* [Data to examine]:
........
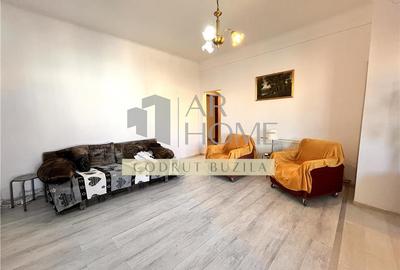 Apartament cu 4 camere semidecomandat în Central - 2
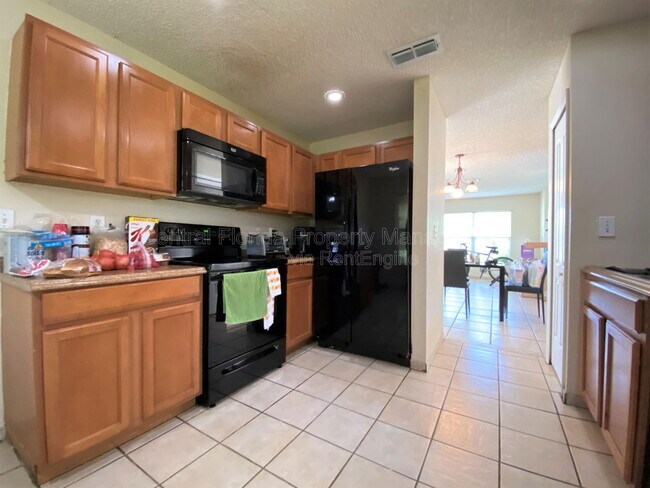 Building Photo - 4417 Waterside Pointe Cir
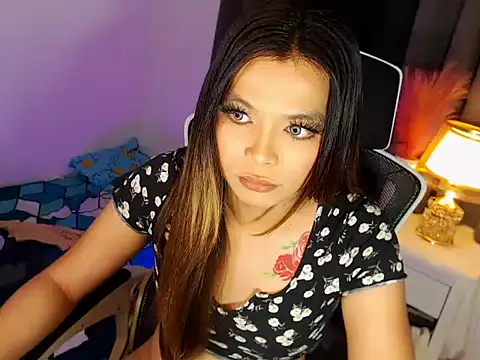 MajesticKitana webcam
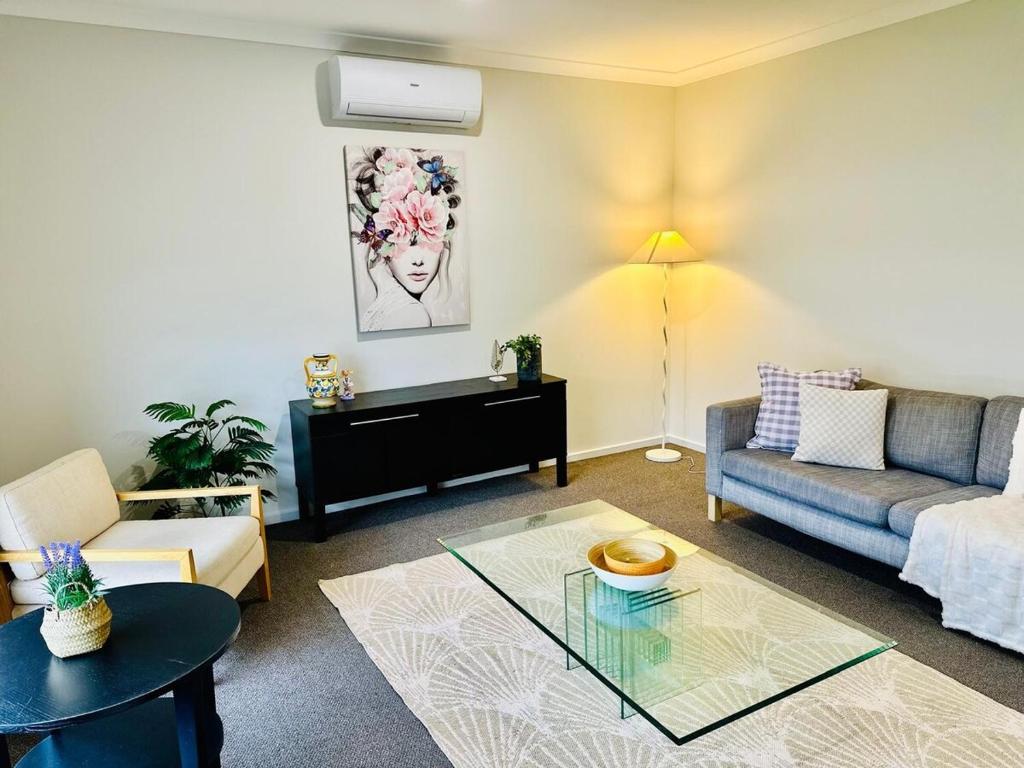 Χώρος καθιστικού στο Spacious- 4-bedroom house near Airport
........
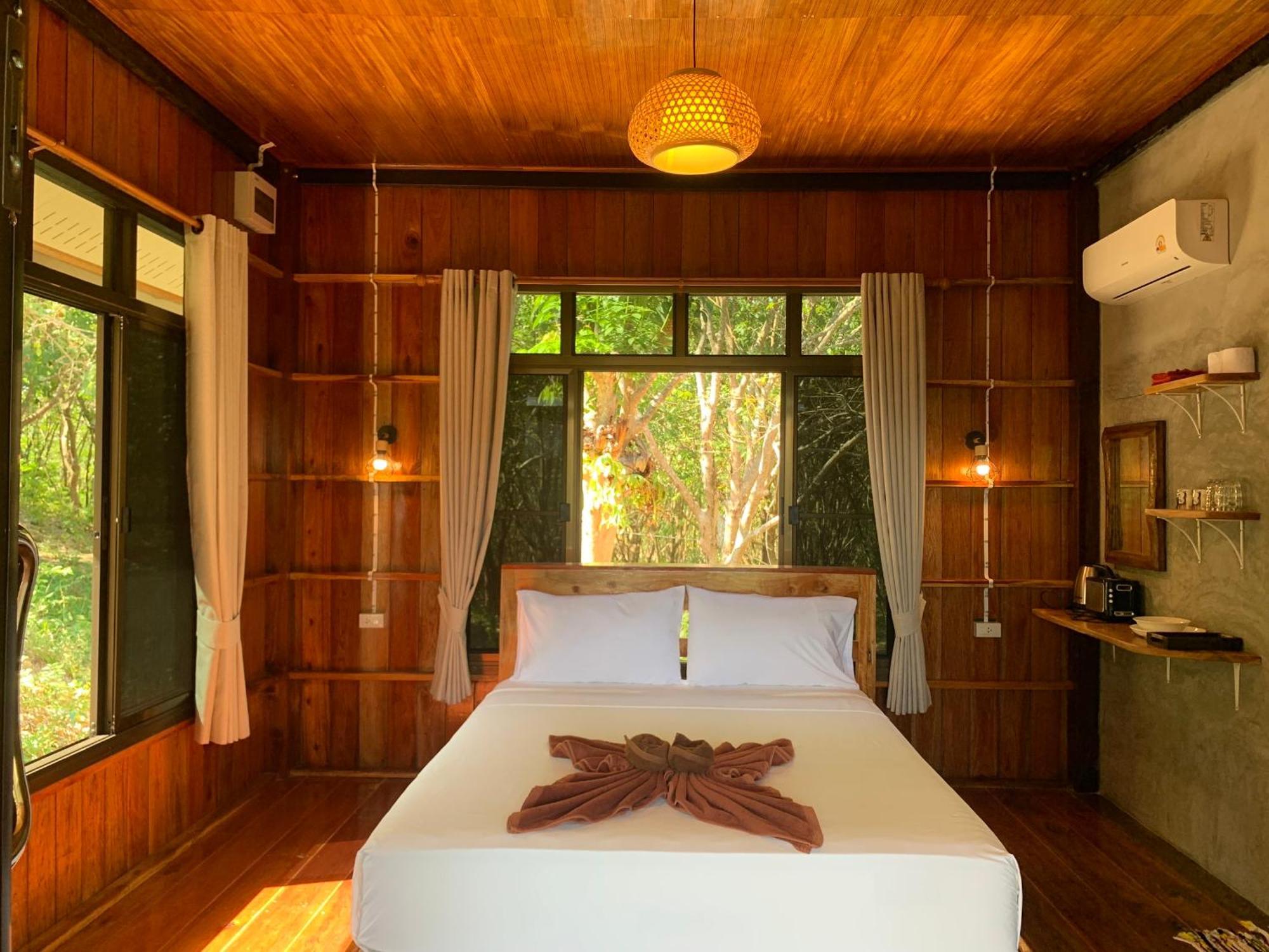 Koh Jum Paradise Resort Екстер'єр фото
........
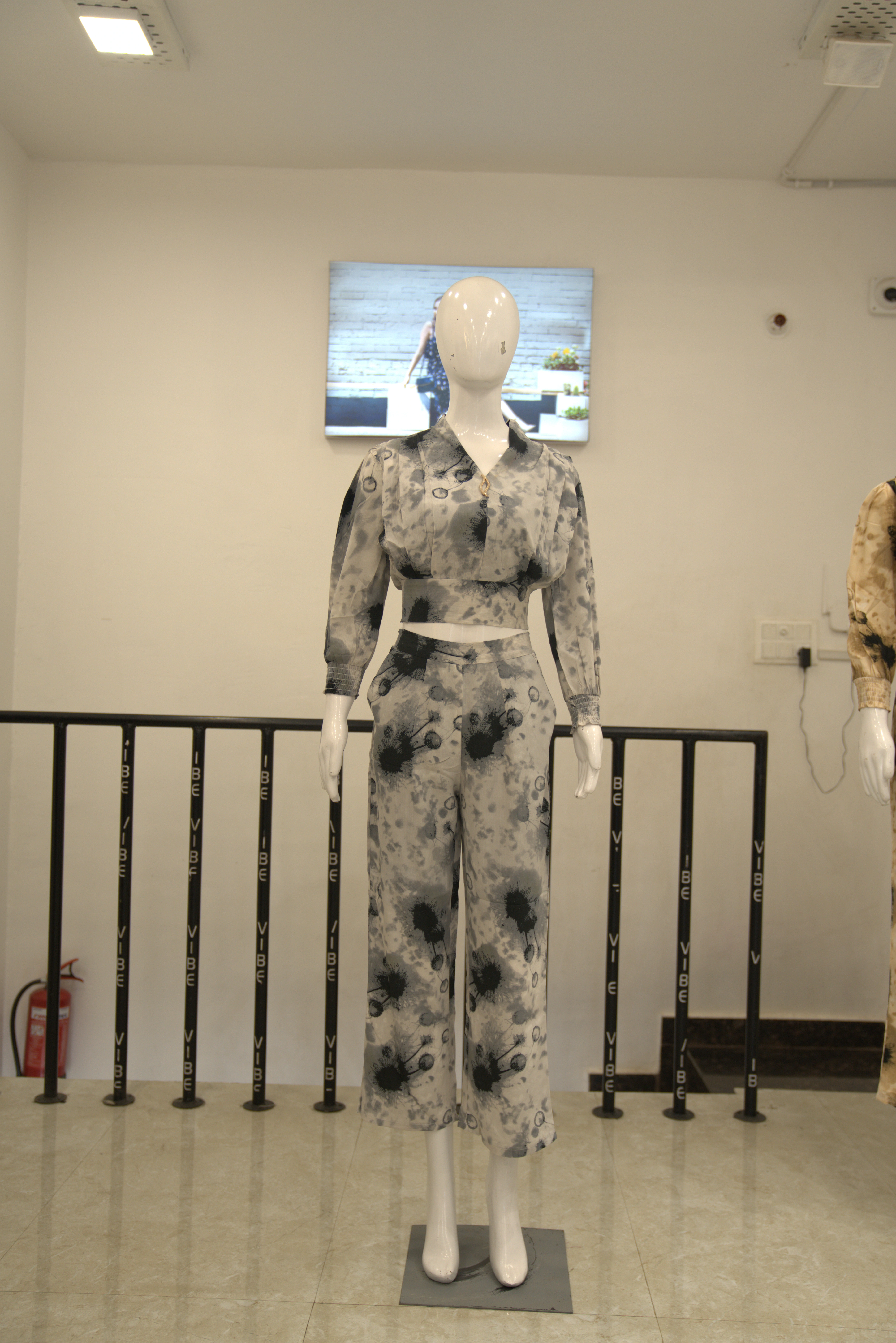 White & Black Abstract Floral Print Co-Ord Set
........
* [Your objective]: Look above for the line with "MajesticKitana webcam" and the line with "Χώρος καθιστικού στο". Output those two and everything between them exactly, pictures excluded.

* [Solution to this problem]:
 MajesticKitana webcam
 Χώρος καθιστικού στο Spacious- 4-bedroom house near Airport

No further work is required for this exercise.